Halfway through the school year the school banned bookbags from classrooms. "school safety" thing. this caused students to show up late to class regularly, as many classes required us to bring school assigned textbooks every day, along with supplies, binders, etc. that year the school had record high tardiness, along with record low attendance, since students decided to just skip instead of showing up to class late.

#60

In chemistry class we had plastic bottles of distilled water which could be squeezed to produce a small jet of water.

We used to spray one another’s crotches to make it look like you’d peed yourself. To counter this, our teacher introduced a punishment to anyone caught spraying OR HAVING BEEN SPRAYED. Hence, if you could spray someone and get away with it- they would have wet trousers AND have to write excerpts from a Martin Luther king speech.

Needless to say the punishment for being sprayed was quickly abolished.

#61

People were wasting time/hanging out in the bathroom during class. Solution? Only unlocking bathrooms in between classes (for a LUXURIOUS four minutes)! By the time the door was unlocked and the line queued up, 10-15 extra minutes of class time was lost. They had to allow students to use the restroom during class again- the horror!

ETA- wow! Seems like my school was not the only one. I bet this is an American thing though.

#62

My calculus teacher (happened to be my girlfriend’s mom but that’s another story) was a stickler when it came to being fully engaged in class so she banned all food and beverages except water.
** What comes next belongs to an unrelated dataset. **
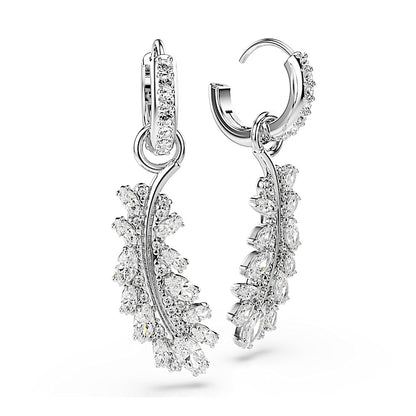 Pendientes Vienna, Tallas mixtas, Pluma, Blancos, Baño de rodio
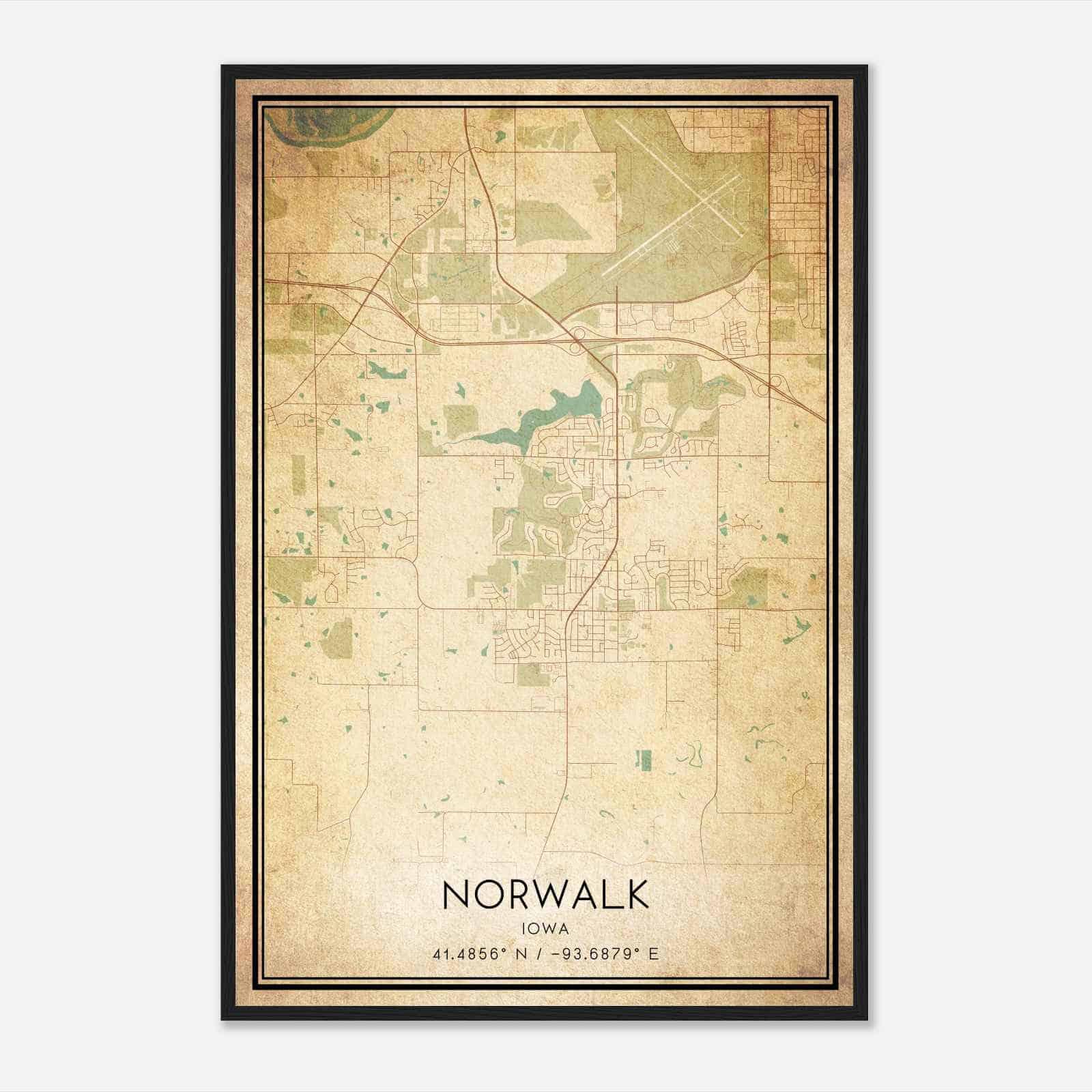 Vintage Norwalk Iowa Map Poster, Modern Home Decor Wall Art Print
Unfortunately what she didn’t consider was that her class was right after the football and wrestling teams’ joint weight training session which resulted in 6-10 protein crazed athletes slamming down protein shakes and unreasonable amounts of meat immediately before class. As you may imagine this resulted in all of us getting the protein shits 30 minutes later and had to leave class to use the bathroom every single day. One day eventually she had enough and read us the riot act so my sorry ass had to go to my girlfriend’s house to look her mother/my strictest teacher in the eyes and explain that her no food policy was causing student-athletes to have violent protein shits during her class.

To provide some closure here she was not a flexible woman but she was pragmatic, so once I put things in terms of letting us space out the eating to avoid 1/3 or her class disappearing for 15 minutes every day she relented. I stayed away from her house for a good two weeks afterwards though, just to be safe.

#63

In my highschool if you were late for a class they would not let you in the door. They would send you to the "tardy center" to get a "tardy pass." You get so many of those and you were assigned detention or Saturday school.

But, while you were going to collect your pass was also the time in which they took attendance. Not being there, you would be marked absent. The attendance was recorded on scantron cards, placed on a clip outside the classroom, and was picked up early in the period by a member of student government who took it to the office for processing. They would then rectify the attendance records with those of the tardy center and, if you had checked in with the tardy center, your attendance was counted.

So, if you were late to class you might as well not bother going.

#64

My workplace originally allowed 5 payed sick days and paid out a small bonus if employees had perfect attendance. They did away with the bonus now people treat the sick days like vacation days.